Vounatsos will be joining me on September 16 for a conversation on climate, health & equity. If you are interested, register here.
More news below.
After the storm
Yesterday's tech-led selloff on U.S. markets (the S&P 500 fell 3.5%) was followed by more modest drops in Asia (Hang Seng down 1.3%, Nikkei 225 down 1.1%), but things picked up in Europe this morning, with the Stoxx 600 up 0.7% at the time of writing. U.S. futures also look modestly positive. The development suggests yesterday was really just a demonstration of profit-taking by tech investors. Financial Times
Tesla's share price has fallen 18% since Monday's close, including a 9% drop during the aforementioned tech selloff. It's not quite clear why Tesla's zippy stock-price ascent has taken a hit—could be gravity, could be to do with Tesla's plan to sell up to $5 billion in shares. Fortune
More rumblings about the potential antitrust case apparently being readied against Google in the U.S. According to the New York Times, the Justice Department is weeks away from unveiling a case, against the objections of career lawyers who say more time is needed to build the case first. The paper's sources say Justice officials told lawyers involved in the Alphabet inquiry to wrap up their work by the end of the month. NYT
Japan's antitrust regulator is taking a look at Apple's App Store practices following the clash between Epic Games and the iPhone maker, over the app store's 30% revenue cut.
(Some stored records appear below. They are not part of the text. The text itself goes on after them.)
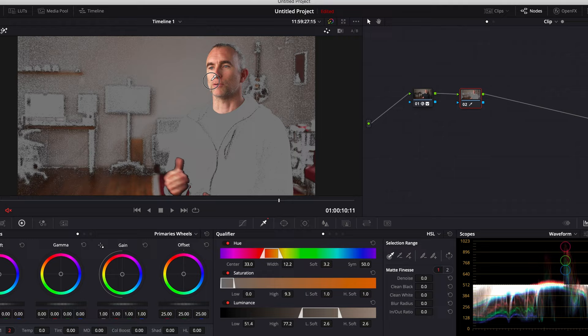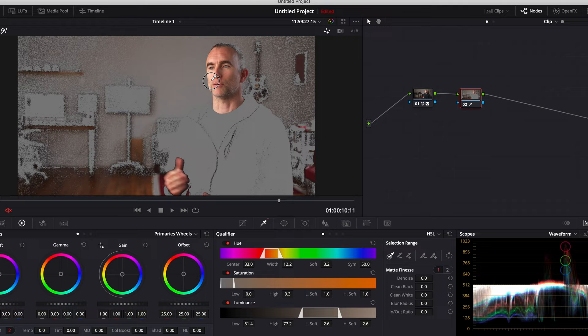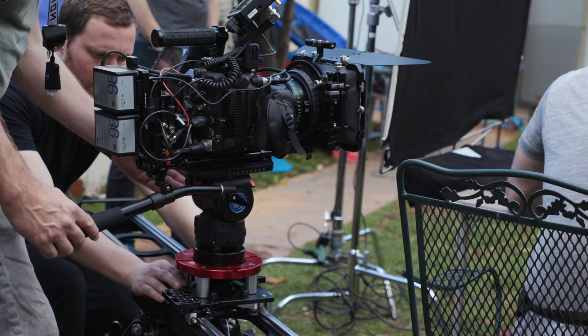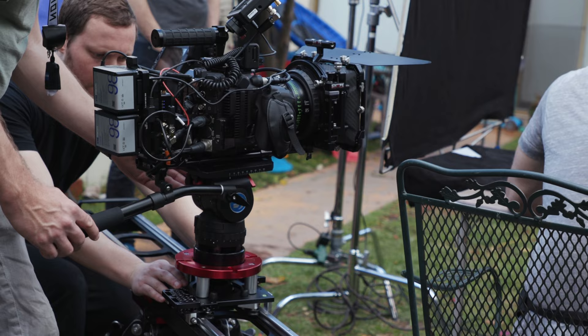If you're interested in more tips like this, check out canonmasterclass.com. I have over 20 courses now, including masterclasses for the C70 and R5C, natural light, working with social media, running a production company, and detailed post-production. You can buy individual courses for lifetime access, or you can stream the entire site for just $15 a month.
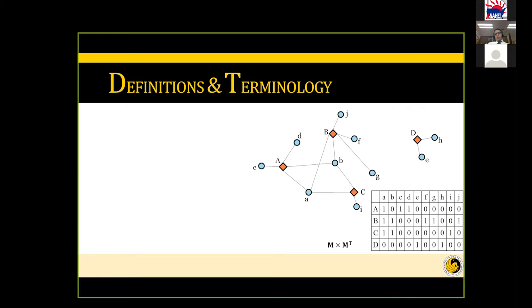Another important concept is components. If a node — like person D and its attitudes — is not connected to the rest of the network, it forms a separate component. In this example, we have two components: one large component, which we call the giant component, in the middle, and one isolated component. Any disjoint part of the network is called a component.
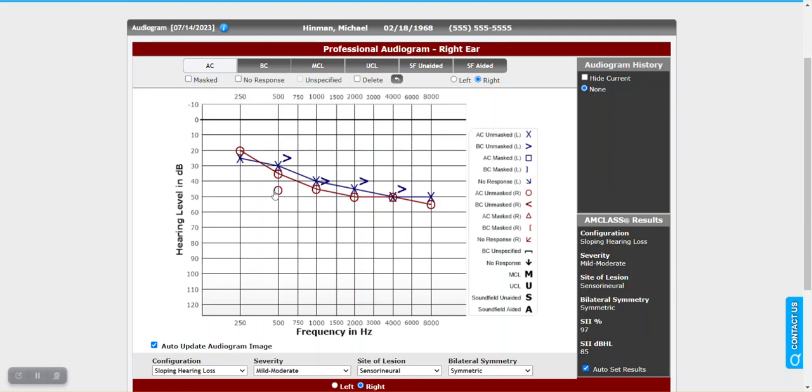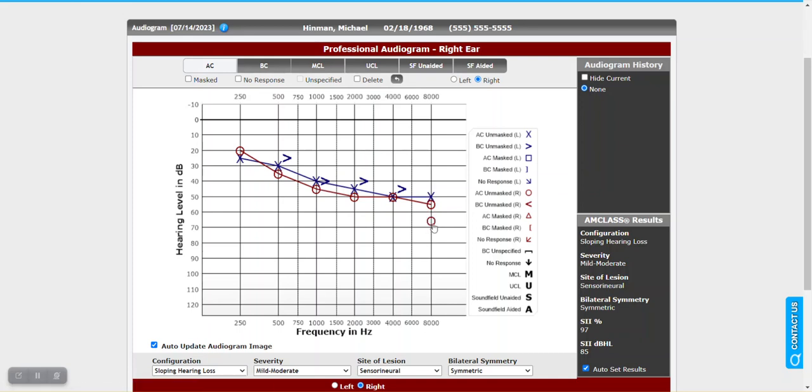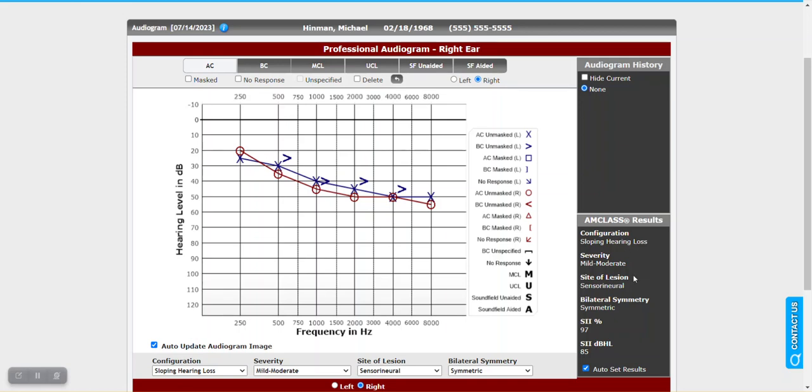For bone conduction it'd be 500 through 4000. So pretty straightforward data. If you find that the classification is not occurring, just check on your thresholds to make sure, for example, if you didn't do 8000 or something, then the classification would not occur. Now off to the bottom right here, we will see the classification. It's broken down into four areas: configuration, severity, site of lesion, and bilateral symmetry. So once again, based on the air conduction and bone conduction thresholds, it'll perform the initial classification.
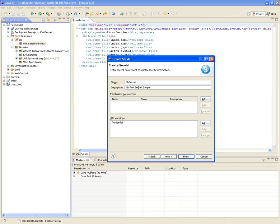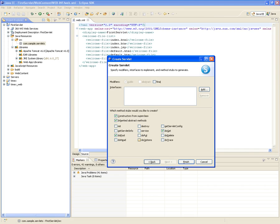The servlet name is 'MyServlet,' description is 'My First Servlet Sample.' The URL mapping is going to be 'my servlet,' no initialization parameters. This wizard is going to create a Java class — we could have done it with Notepad, but the wizard is more convenient. This servlet, which is a Java class, will contain a constructor stub, method stubs for the super class, and inherited abstract methods. We're going to implement two methods: doGet and doPost.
Japanese gaming executives are also starting to talk openly about how they hope Epic, maker of the smash hit Fortnite, will win the fight. Fortune
AROUND THE WATER COOLER
Trump and soldiers
President Trump has strongly denied multiple reports saying he called veterans and dead or missing soldiers "losers". The initial report, from the Atlantic, specifically referred to Trump's cancellation of a visit to the Aisne-Marne American Cemetery near Paris in 2018, claiming he didn't want his hair to become disheveled in the rain, and that he said the American marines buried there were "suckers" and "losers". Trump called the reports a "disgraceful attempt to influence the 2020 election." Politico
The phone surveillance program exposed by former NSA contractor Edward Snowden as the first of his 2013 revelations was in fact unlawful and possibly unconstitutional, the U.S. Court of Appeals for the Ninth Circuit ruled yesterday. Snowden: "I never imagined that I would live to see our courts condemn the NSA’s activities as unlawful and in the same ruling credit me for exposing them." Guardian
After the demolition of the U.S.-EU Privacy Shield by the EU's top court in July—largely due to Snowden's other surveillance revelations—there will be "no quick fix" for a replacement, the EU's justice commissioner warned Thursday. Didier Reynders also told members of the European Parliament that the European Commission wants to "modernize" the standard contractual clauses that many companies use for transatlantic data transfers, again due to the same ruling. Euractiv
The U.S.'s newly-expanded eviction moratorium kicks in today, and Fortune's Aric Jenkins is on hand to explain what's happening: who's eligible, what it means for landlords, and when that rent will be due. Fortune
This edition of CEO Daily was edited by David Meyer.